Spesso si cade nell’errore di abbracciare un’idea, o una ideologia, e di smettere di ragionare con la propria testa, nel nome di dogmi (auto)impostici, di verità preconfezionate, di assurde contrapposizioni da tifoso di curva.
La vita di tutti i giorni, tuttavia, e per fortuna, è più complessa, e certe distinzioni manichee (che suddividono il mondo in bianco e nero; giusto e sbagliato, vero e falso….) lasciano il tempo che trovano.
Il dubbio amletico coinvolge, quasi sempre, anche il diritto ambientale, alla perenne ricerca di una soluzione a questa domanda: proteggere l’ambiente, anche a scapito degli interessi economici, degni di tutela costituzionale, o favorire lo sviluppo, anche a scapito delle esigenze della natura (come se fossero due entità del tutto estranee, senza punti di contatto e senza speranza di trovarne…)?
Perché non cominciare, invece, a cercare un nuovo approccio, che si ponga in un’ottica non di alternativa ma di condivisione?
In parte, questo è il messaggio che si legge nella sentenza del TAR Campania, n. 3727/09, relativa ad un presunto inquinamento atmosferico e alla grave inadempienza al corretto funzionamento del sistema di abbattimento delle emissioni in atmosfera.
Il giudice partenopeo, infatti, sottolinea che il principio di precauzione – secondo cui è consentito alla Pubblica Amministrazione di adottare i provvedimenti necessari dove tema rischio di una lesione di un interesse tutelato, anche in mancanza di un rischio concreto – deve armonizzarsi con il principio di proporzionalità, secondo cui le stesse pubbliche autorità non possono imporre, con atti normativi e amministrativi, obblighi e restrizioni alle libertà dei cittadini in misura superiore a quella strettamente necessaria al raggiungimento dello scopo.

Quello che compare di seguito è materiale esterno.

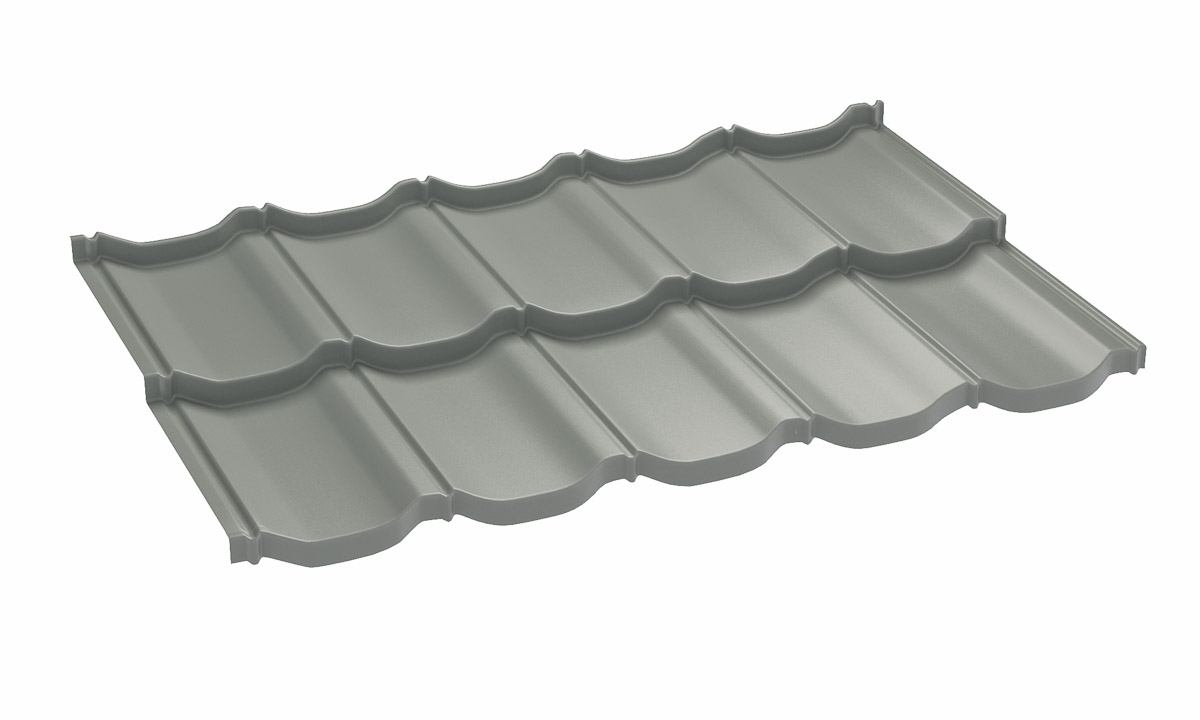 Aurora metal roof tile — VY Build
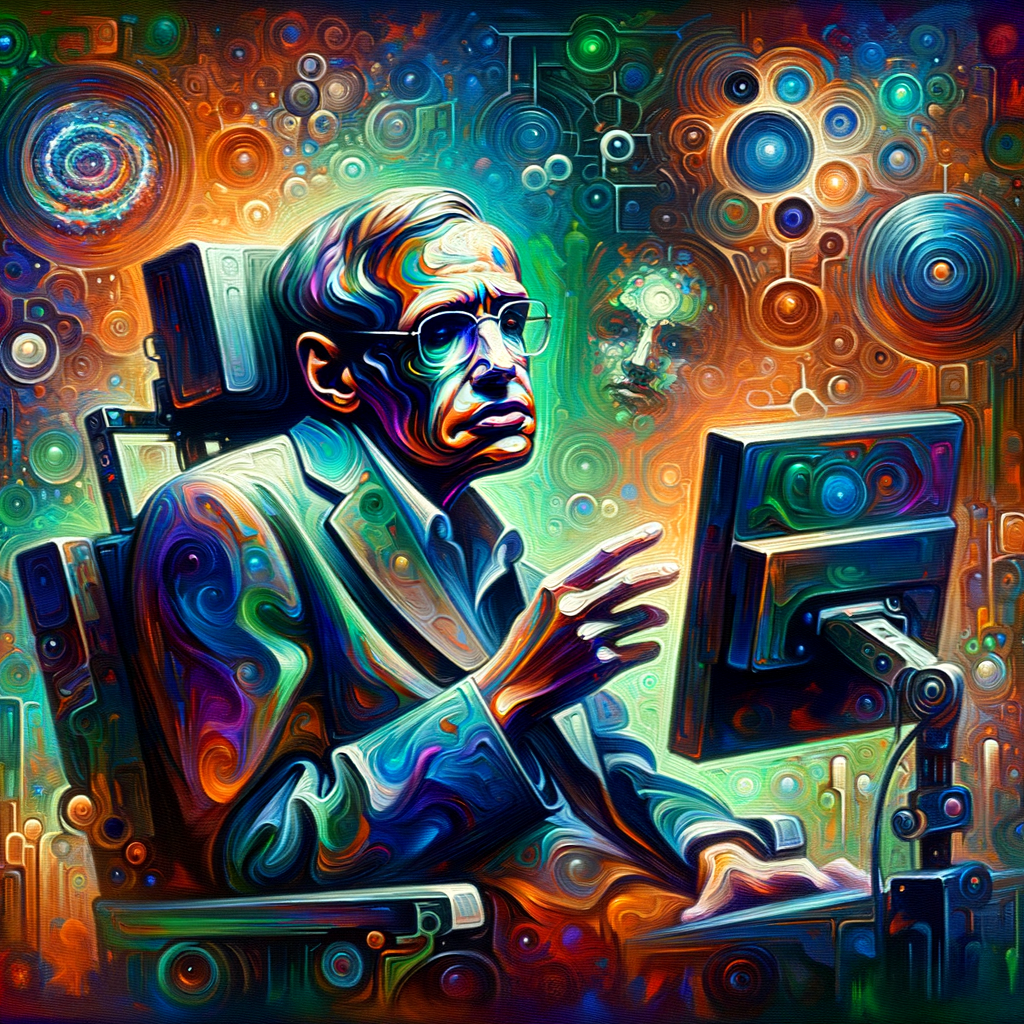 Stephen Hawking en IA: El Universo y sus Misterios, Explicados por el Genio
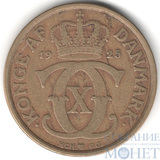 1 крона, 1925 г., Дания(Король Кристиан X (1912–1947))
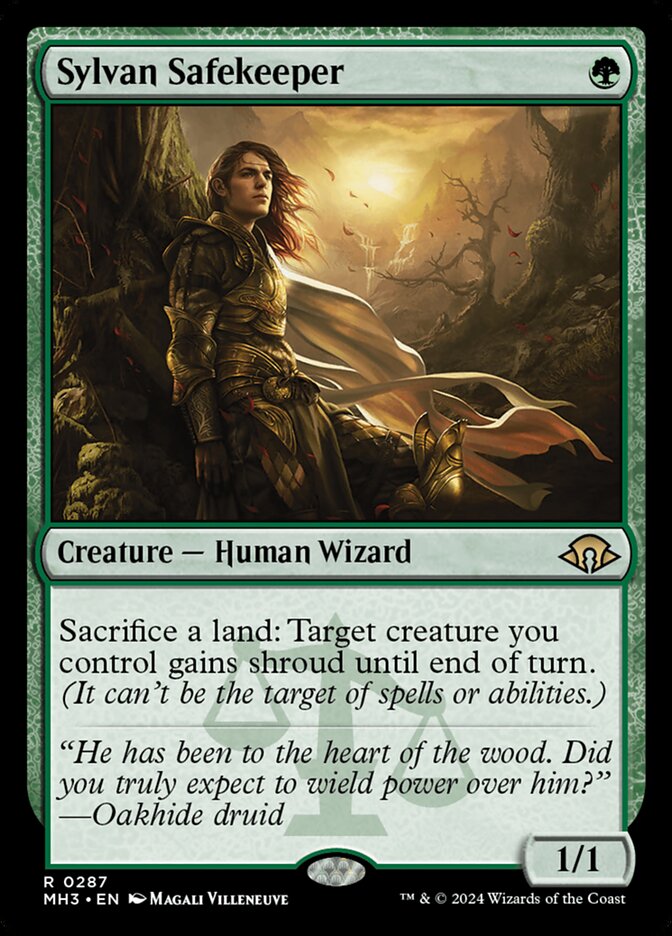 Sylvan Safekeeper, Modern Horizons 3 · 0287
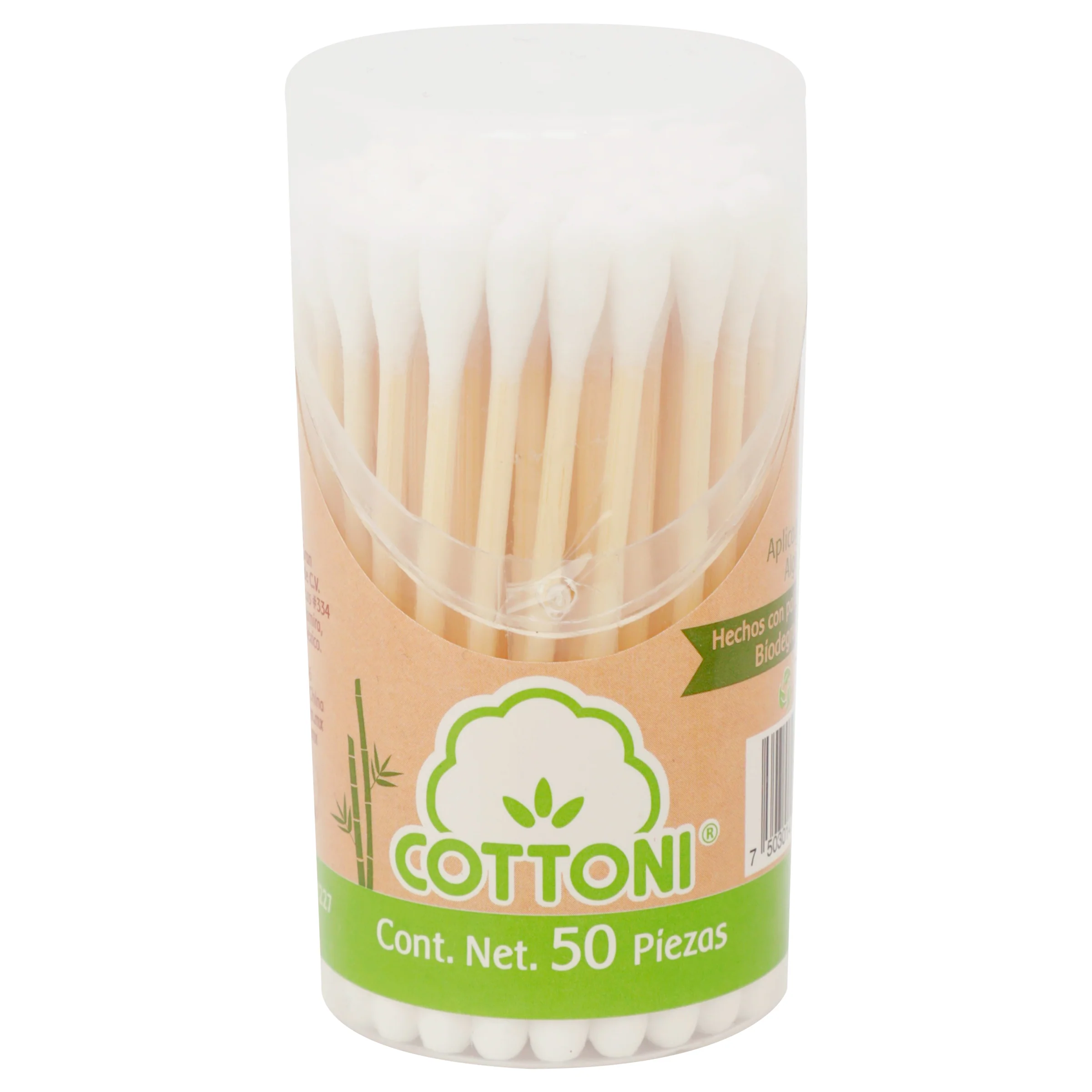 Aplicador Cottoni Algodon Con 50 Piezas - Image 3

Ne consegue che tutte le decisioni adottate dalle autorità, competenti in materia ambientale, devono essere assistite da un apparato motivazionale particolarmente rigoroso, che tenga conto di un’attività istruttoria parimenti ineccepibile.
Sulla scia di queste considerazioni, ha ribadito un concetto fondamentale nel nostro ordinamento: è esclusa qualsiasi “responsabilità da posizione” per eventi di inquinamento.
No, quindi, alla previsione di responsabilità di tipo oggettivo, perché, in concreto, occorre sempre la dimostrazione della sussistenza di un nesso di causalità fra azione ed evento.
Purtroppo, però, abbiamo già visto che si tratta di un’opinione non condivisa da tutta la giurisprudenza…
Dico purtroppo perché, spesso, dietro l’invocazione della responsabilità oggettiva (in alcuni casi inevitabile) si nascondono altre insidie, non percepibili “a prima vista”: ossia pericolose commistioni fra i diversi piani scientifici, economici, sociali, da un lato, e quello discrezionale della pubblica amministrazione, che si potrebbe sentire (e in alcuni casi si sente) depositaria di uno jus vitae ac necis (diritto di vita o di morte), dall'altro...
Fuori di metafora: le inaccettabili commistioni fra i diversi livelli (nel caso di specie: fra quello scientifico e quello politico-discrezionale) possono produrre, e nei fatti questo avviene spesso, perversi favoritismi e clientele, con grave danno non solo per l’efficienza e l’efficacia dell’azione pubblica, ma anche per la tutela dei diritti dei cittadini e, ultimo ma non meno importante, dell’ambiente.
CVD: i problemi sono complessi, e non si risolvono in effimere contrapposizioni ideologiche, ma con una paziente opera di mediazione di interessi ed esigenze contrapposte, ma entrambe, anche se per motivi diversi, meritevoli di tutela.
Precauzione e proporzionalità: il problema è la mancanza di dialogo.